Maternité des Lilas

Il y a quelques mois, je suis allé devant la maternité des Lilas pour une action « poussettes » afin de défendre son projet de reconstruction. Quand je suis arrivé, je dénombrais déjà plus de 15 journalistes d’images (photographes et caméramans). Il n’y avait que trois poussettes dont deux vides. Du coup, j’eus du mal à sortir mon propre appareil.

Je retrouvais une amie photographe qui mène un suivi des problèmes de la maternité. Finalement je rentrai mon appareil et entrais dans le cortège des manifestants.

Pendant le trajet, je repensais aux reportages que j’avais faits sur les nouveaux militants. Sur le fait de rendre compte d’un événement qui même grave, ne mobilise pas grand monde mais auquel les médias accordent une grande importance. Sur l’écriture qu’il faut alors développer pour ne pas faire la même image que tous les autres. Sur la manière de rendre compte du tout, l’événement et son traitement, sans dévaloriser (plus de média que de manifestants) ou ridiculiser l’événement ni ceux qui sont là pour en témoigner (tous agglutiné et cadrant de manière identique) .

Ne pas « trahir » la bonne cause mais ne pas raconter n’importe quoi non plus. Ne pas laisser croire que si plus personne ne semble se sentir concerner, les acquis resteront ad vitam.
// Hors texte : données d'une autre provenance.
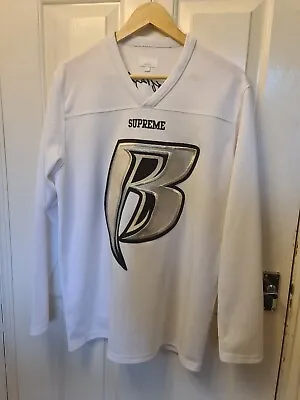 Buy Supreme Ruff Ryders DMX Hockey Shirt White Size Large • 175£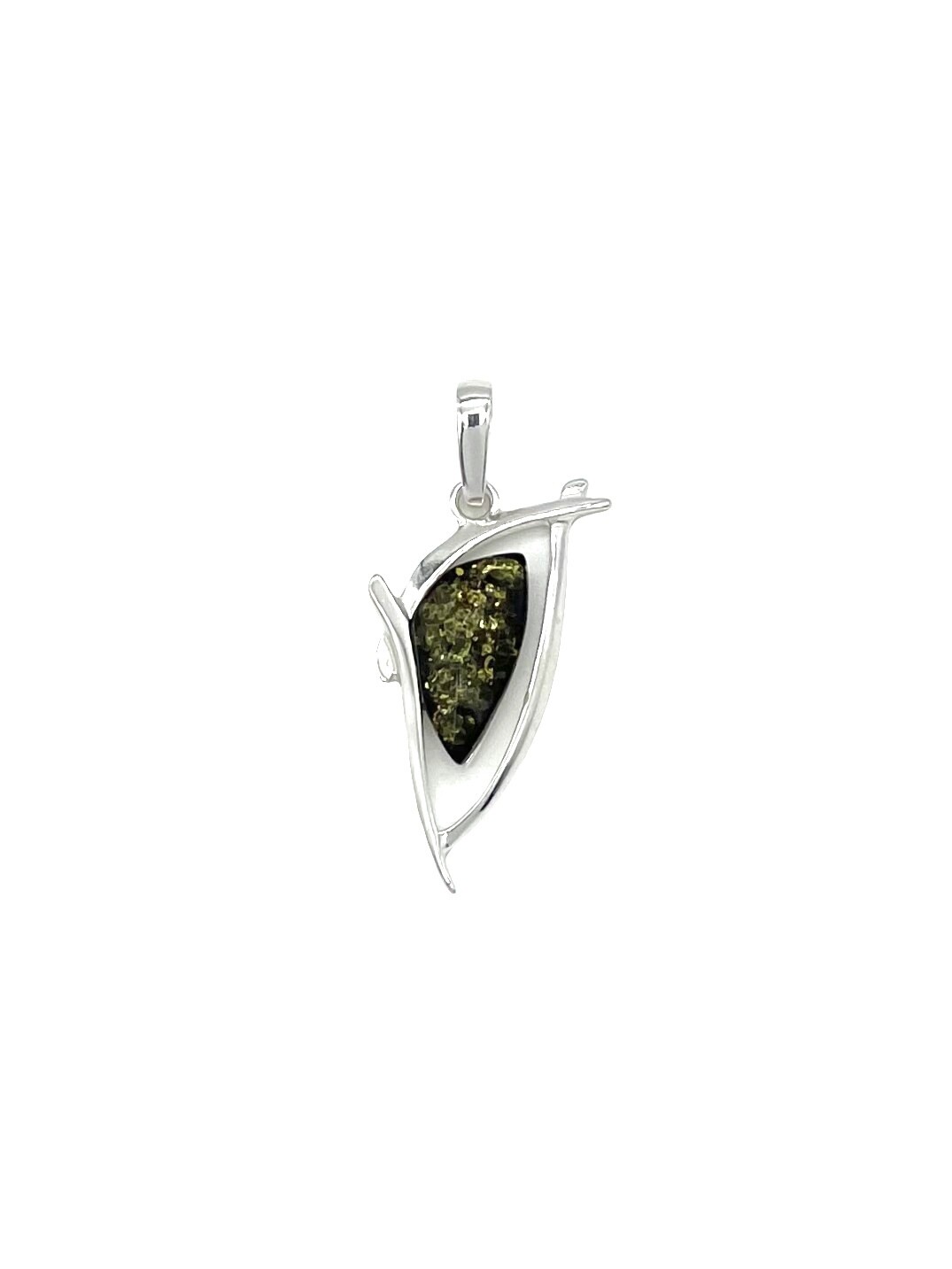 Silver and Amber Pendant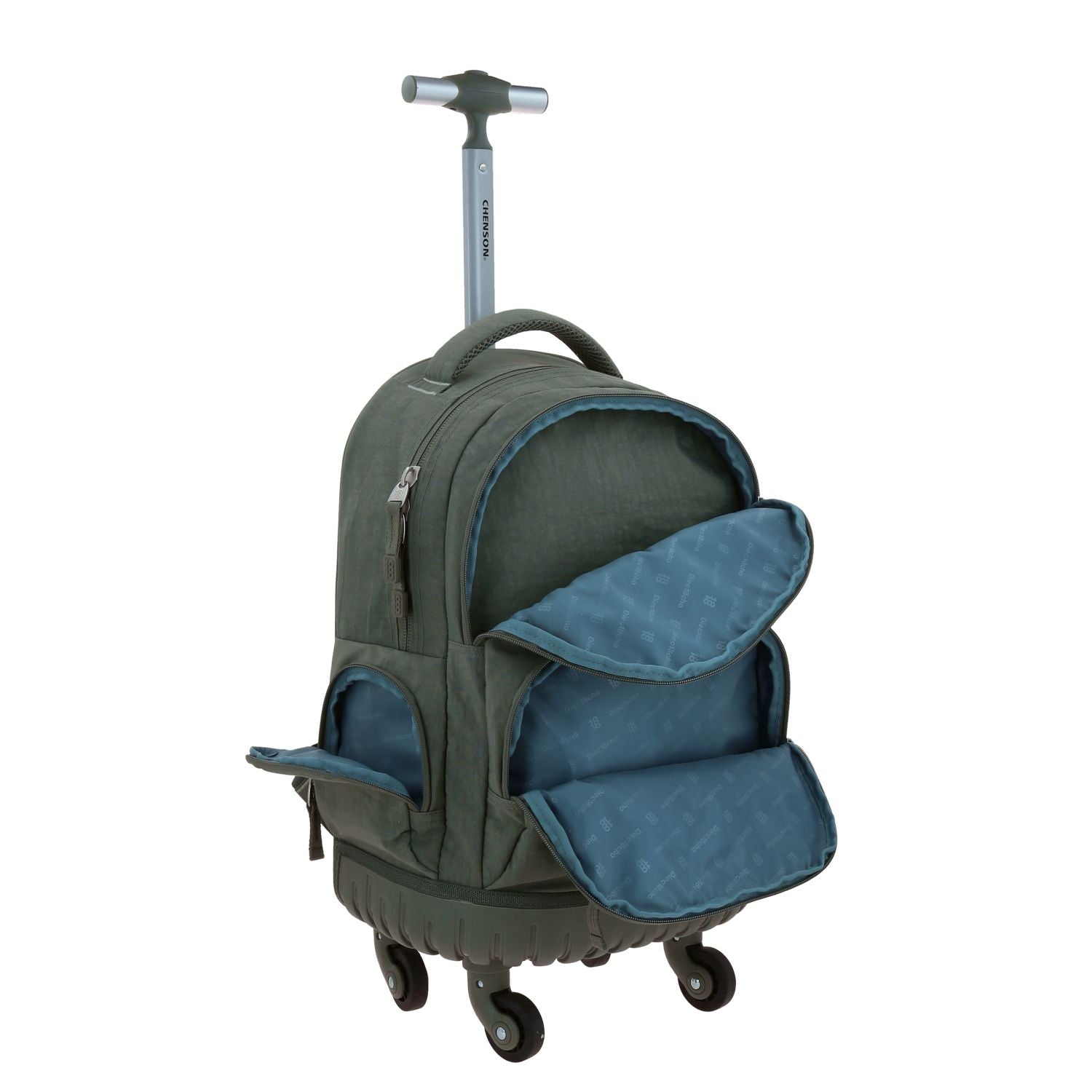 Foto 7 | Mochila Grande Con Ruedas Impermeable Verde Militar 1818 Zilp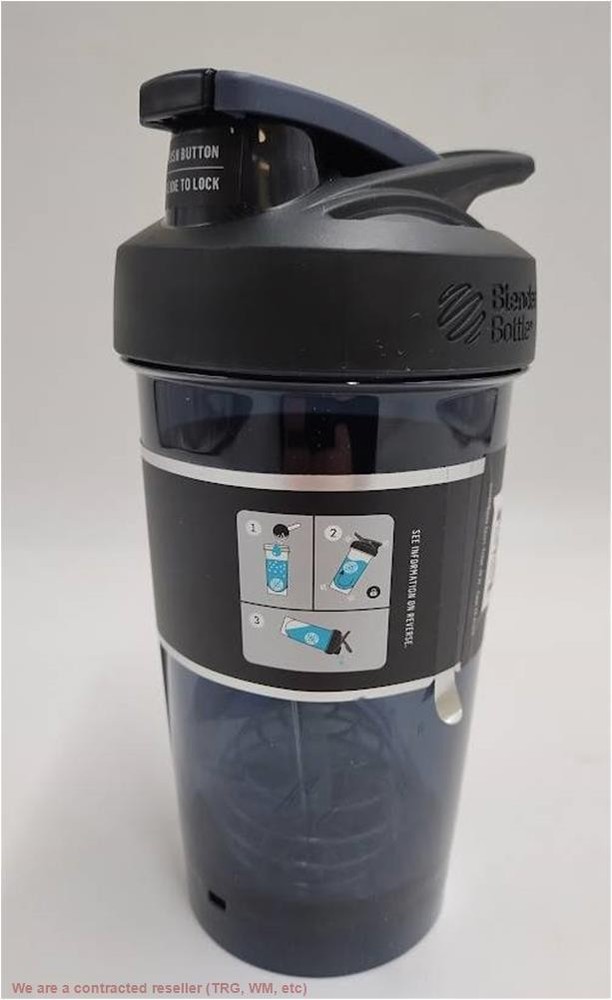 BlenderBottle 24oz Strada Tritan Shaker Cup - Black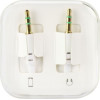 Cable Aux Jack 3,5 Mm (male) To Jack 3,5 Mm (male) Box 1 m White OEM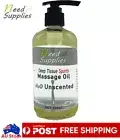 Deep Tissue Sports Massage Oil 300ml + Pump, Dispersible 100% Natural Unscented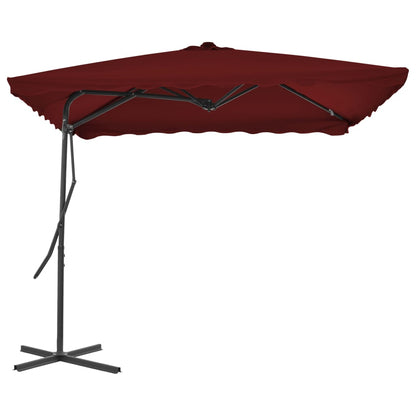 Sonnenschirm mit Stahlmast Bordeauxrot 250x250x230 cm - Pazzar.ch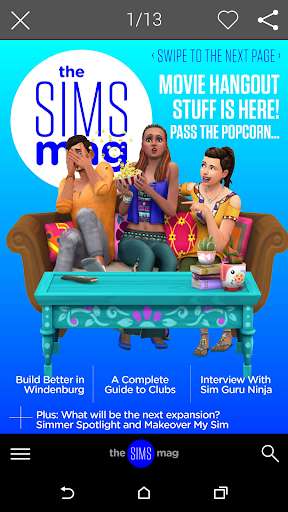 Play APK The Sims Magazine  and enjoy The Sims Magazine with UptoPlay com.theofficialsimsmagazine.theofficialsimsmagazine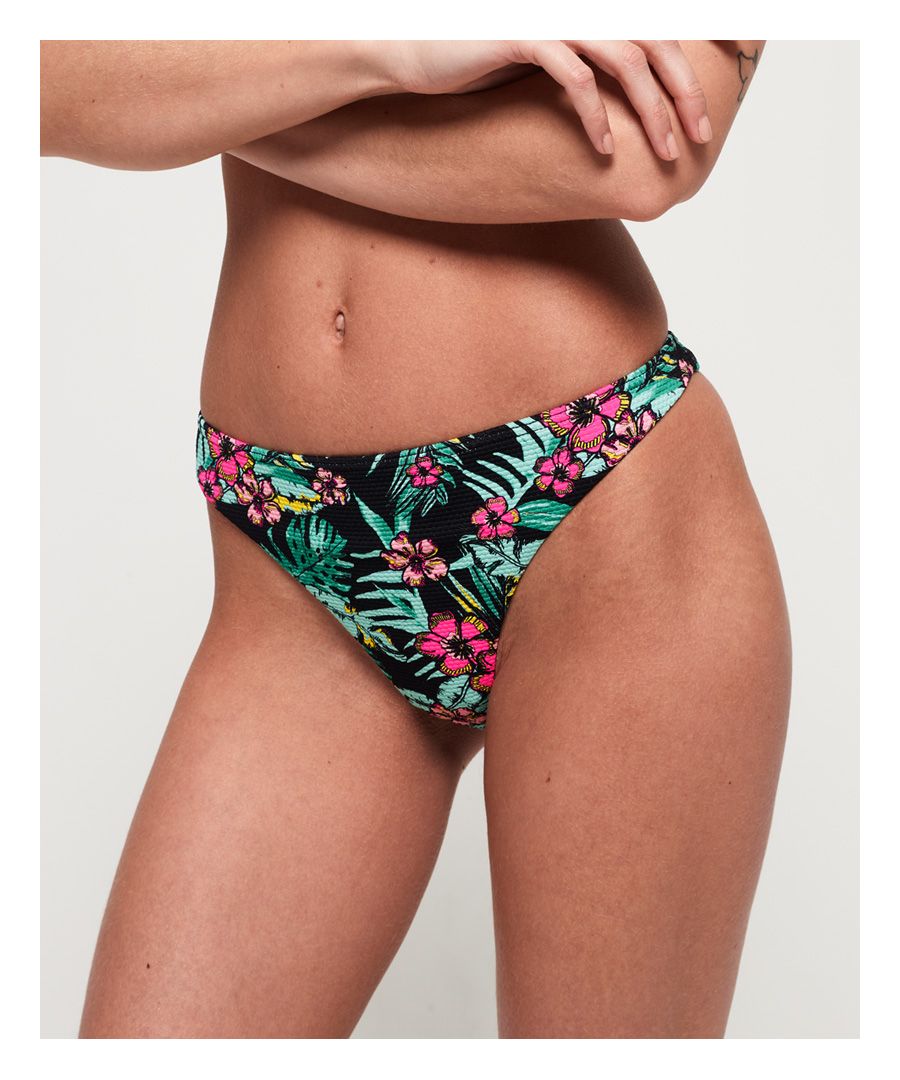 Superdry women's Felicity tie crop bikini bottom. Make a splash in the Felicity tie crop bikini bottom a must have to take you through this season.Classic in style. Check out the matching top available.Please note due to hygiene reasons, we are unable to offer an exchange or refund on underwear, unless they are sealed in their original packaging. This does not affect your statutory rights.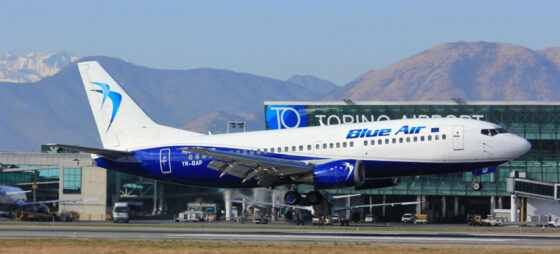 Blue Air, nuova rotta low cost Torino-Reggio Calabria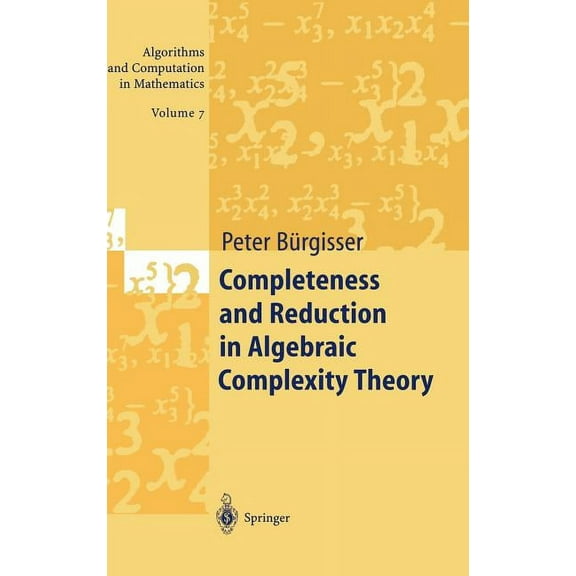 Algorithms and Computation in Mathematic Completeness and Reduction in Algebraic Complexity Theory, Book 7, (Hardcover)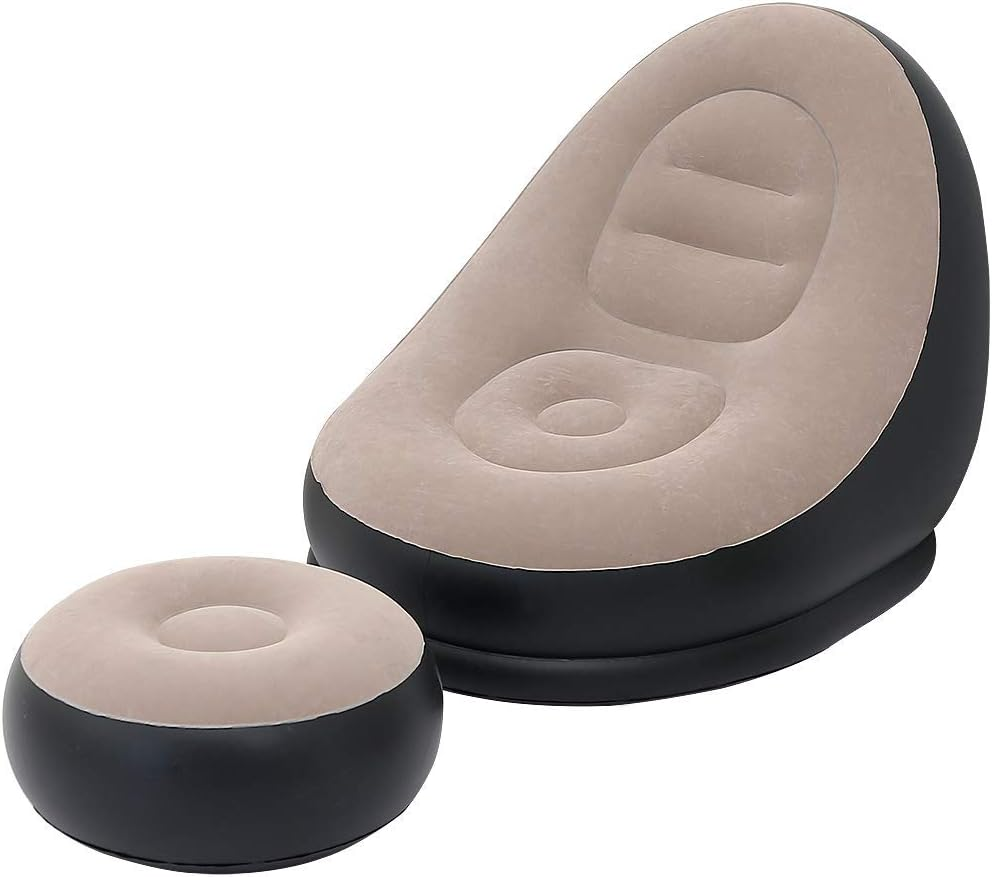 2-teiliges Lazy Sofa, aufblasb – Home Improvement Furniture Bewertung und Preis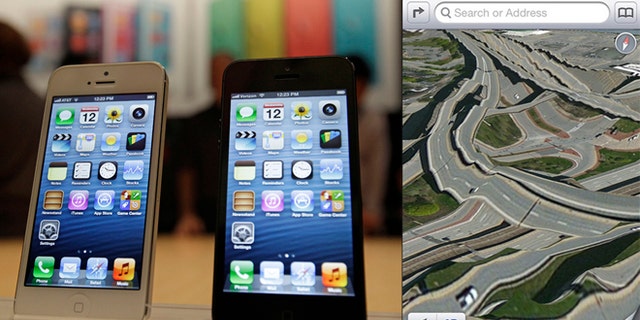 Apple's new built-in maps function -- seen here at right -- isn't quite ready for primetime, many angry consumers complain.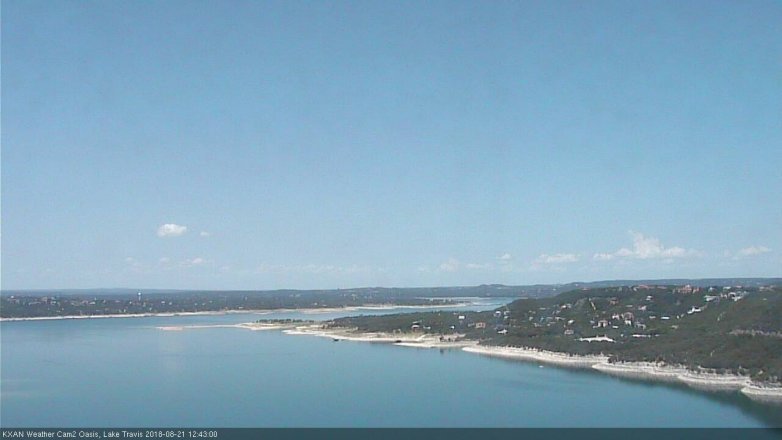 Lake Travis webcam, August 21, 2018 11:45 AM CT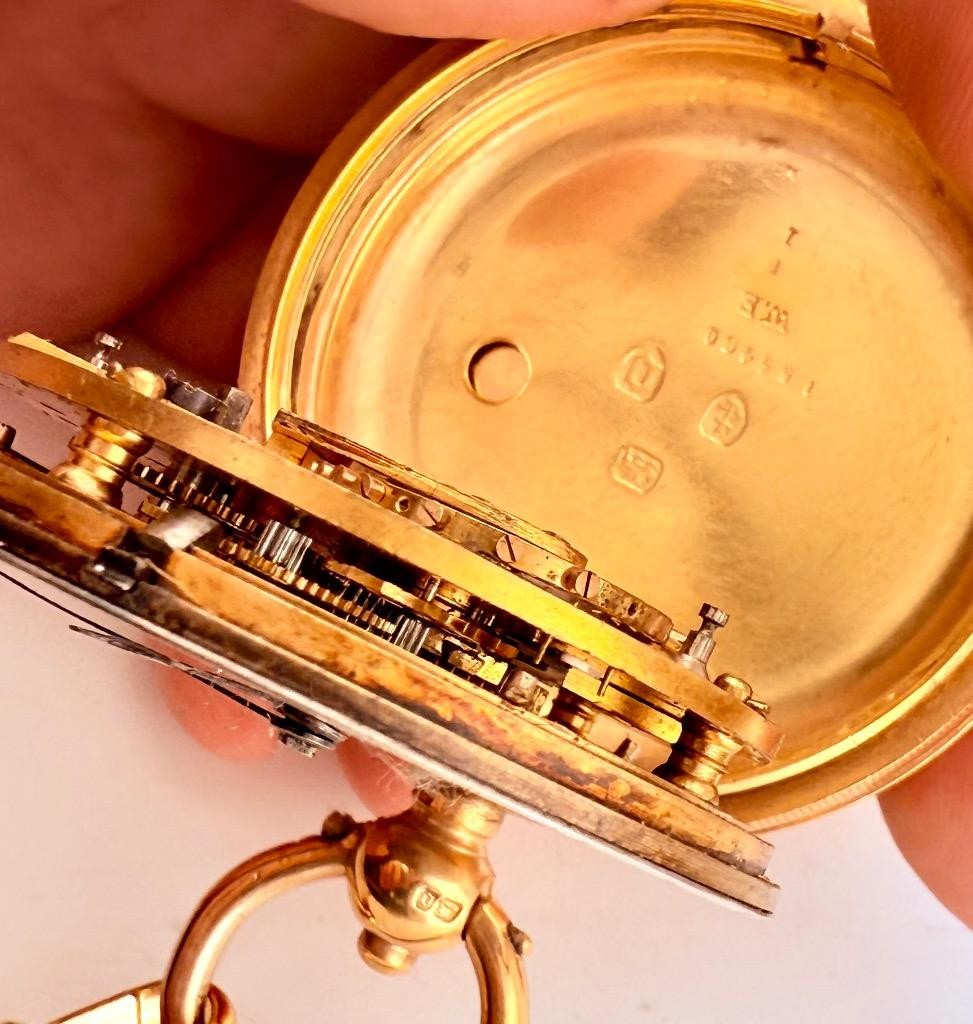 Antique Victorian Era Memento Mori Pocket Watch Attributed to John Forrest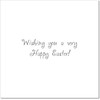 doodlecards Easter Card Happy Easter Eggs Square Size with Plain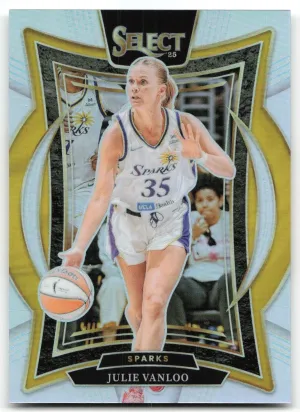 Julie Vanloo 2025 Panini Select WNBA Silver Prizms Los Angeles Sparks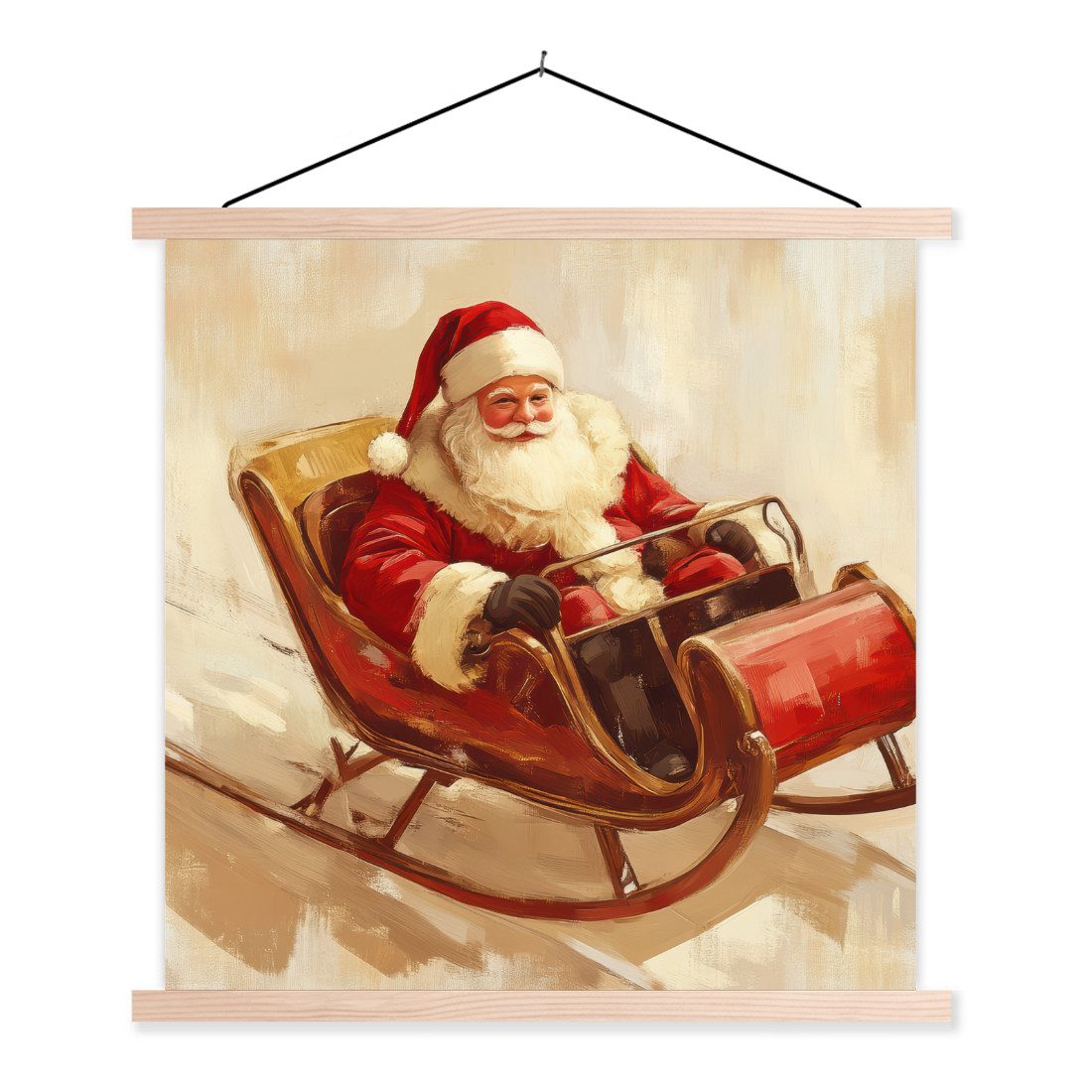 MuchoWow Poster Weihnachten - Schlitten - günstig online kaufen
Un droit qui n’est pas utilisé ou qui n’est pas défendu finit par disparaitre. Si la manif n’est plus, depuis bien longtemps, l’alpha et l’oméga de la lutte sociale, on ne me fera pas croire qu’une page de soutien sur Facebook serait son remplacement.

Les individus n’en appelle au collectif que lorsque le sujet les concerne personnellement. Ils réclament alors leurs droits de manière infantile et capricieuse oubliant qu’ils sont leur propre perte. La démocratie est devenue un supermarché, certains droits sont passés de mode et la devise de la République est en solde…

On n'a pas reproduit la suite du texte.